THEY'RE more than mere numbers, and there's more to them than meets the eye.
From important dates in their lives to lucky numbers to a happy coincidence, there's usually a compelling story behind the numbers your favorite players wear on their backs.
And more often that not, these stories will either surprise you or make you feel closer to your sports heroes.
Here's No. 16 of our Jersey Story Series:
LA Tenorio’s game screams consistency.
Nothing in his stat line shouts fancy: In his 10-year PBA career, Teniente’s been consistent in averaging 11 points and 5.2 assists, with some solid shooting (1.3 triples), defense (1.4 steals), and even rebounding (4.4 boards).
In the ongoing 2016 Commissioner’s Cup, Tenorio’s numbers unsurprisingly resemble his career norms with slight tweaks: 10.5 points, 5.4 assists, 1.1 threes, 0.8 steals, 3.8 rebounds.
He’s switched teams three times in his career, played for a number of coaches, yet produces almost the same in a decade that has seen him enjoy team and individual success — precisely because Tenorio brings what’s required from a true point guard (steady production, solid court generalship) every game.
It should be no surprise, then, that Tenorio carries the same consistency to the story behind his jersey number.
Tenorio has worn only two jersey numbers in all his years of playing competitive basketball, and he didn’t even have a choice with his first pick.

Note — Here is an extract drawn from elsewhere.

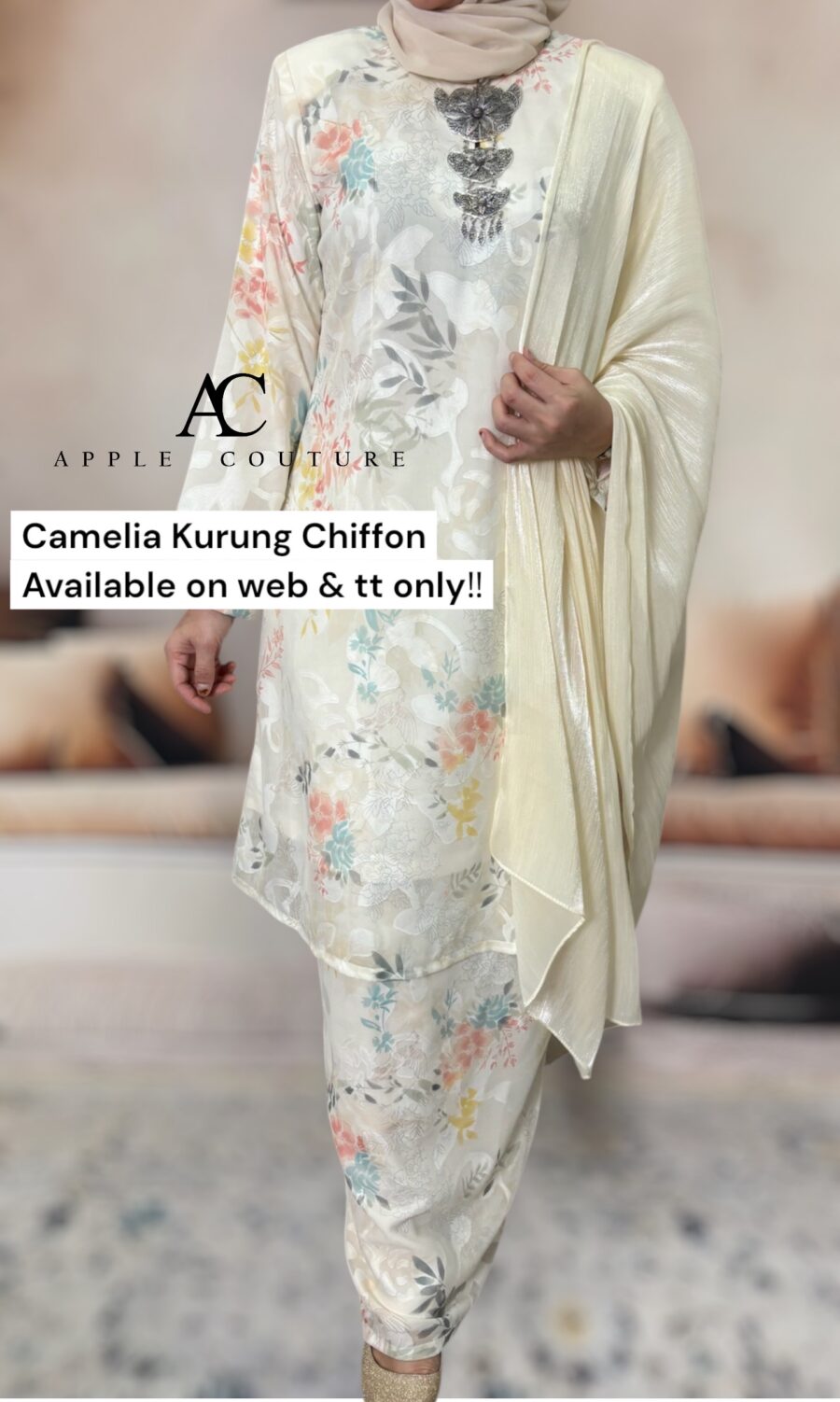 CAMELIA KURUNG MODEN CHIFFON CREPE OPEL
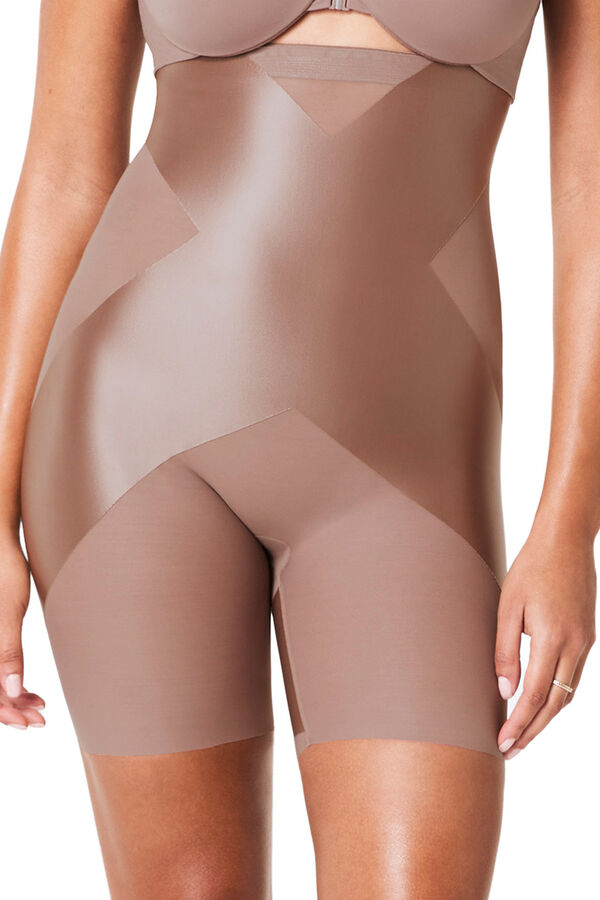 Spanx Pantal&oacute;n corto alto moldeador nude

“No choice ako sa Ateneo nun. I was the only rookie that made the team eh, wala na ibang number kaya No. 6 na ang nakuha ko,” the former Blue Eagles star recalled. “And it started na rin kaya hindi ko na iniba.”
According to the 2012 Jones Cup MVP, there are two easy ways to pick a jersey number: It’s either inspired by a basketball idol; or a way to commemorate a special date, like a birthday or an anniversary.
But he refused to make the switch after his rookie year in Ateneo out of respect to his idol, Olsen Racela, who greatly influenced his game.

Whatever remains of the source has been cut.